Immediately upon its heels, then, came another truth, with a close reality that shocked her. She saw that jealousy was not confined to the human and animal world alone, but ran though all creation. The Vegetable Kingdom knew it too. So-called inanimate nature shared it with the rest. Trees felt it. This Forest just beyond the window--standing there in the silence of the autumn evening across the little lawn--this Forest understood it equally. The remorseless, branching power that sought to keep exclusively for itself the thing it loved and needed, spread like a running desire through all its million leaves and stems and roots. In humans, of course, it was consciously directed; in animals it acted with frank instinctiveness; but in trees this jealousy rose in some blind tide of impersonal and unconscious wrath that would sweep opposition from its path as the wind sweeps powdered snow from the surface of the ice. Their number was a host with endless reinforcements, and once it realized its passion was returned the power increased.... Her husband loved the trees.... They had become aware of it.... They would take him from her in the end....
Then, while she heard his footsteps in the hall and the closing of the front door, she saw a third thing clearly;--realized the widening of the gap between herself and him. This other love had made it. All these weeks of the summer when she felt so close to him, now especially when she had made the biggest sacrifice of her life to stay by his side and help him, he had been slowly, surely--drawing away.

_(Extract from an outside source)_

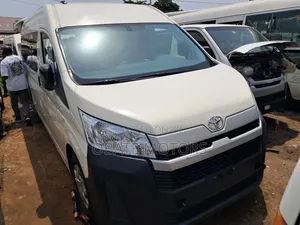 Toyota HiAce 2020 White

The estrangement was here and now--a fact accomplished. It had been all this time maturing; there yawned this broad deep space between them. Across the empty distance she saw the change in merciless perspective. It revealed his face and figure, dearly-loved, once fondly worshipped, far on the other side in shadowy distance, small, the back turned from her, and moving while she watched--moving away from her.
They had their tea in silence then. She asked no questions, he volunteered no information of his day. The heart was big within her, and the terrible loneliness of age spread through her like a rising icy mist. She watched him, filling all his wants. His hair was untidy and his boots were caked with blackish mud. He moved with a restless, swaying motion that somehow blanched her cheek and sent a miserable shivering down her back. It reminded her of trees. His eyes were very bright.

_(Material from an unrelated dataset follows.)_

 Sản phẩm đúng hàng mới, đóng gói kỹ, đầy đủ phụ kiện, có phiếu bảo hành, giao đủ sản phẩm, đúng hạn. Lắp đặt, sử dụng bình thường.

He brought in with him an odor of the earth and forest that seemed to choke her and make it difficult to breathe; and--what she noticed with a climax of almost uncontrollable alarm--upon his face beneath the lamplight shone traces of a mild, faint glory that made her think of moonlight falling upon a wood through speckled shadows. It was his new-found happiness that shone there, a happiness uncaused by her and in which she had no part.
In his coat was a spray of faded yellow beech leaves. "I brought this from the Forest to you," he said, with all the air that belonged to his little acts of devotion long ago. And she took the spray of leaves mechanically with a smile and a murmured "thank you, dear," as though he had unknowingly put into her hands the weapon for her own destruction and she had accepted it.
And when the tea was over and he left the room, he did not go to his study, or to change his clothes. She heard the front door softly shut behind him as he again went out towards the Forest.
A moment later she was in her room upstairs, kneeling beside the bed--the side she slept on--and praying wildly through a flood of tears that God would save and keep him to her. Wind brushed the window panes behind her while she knelt.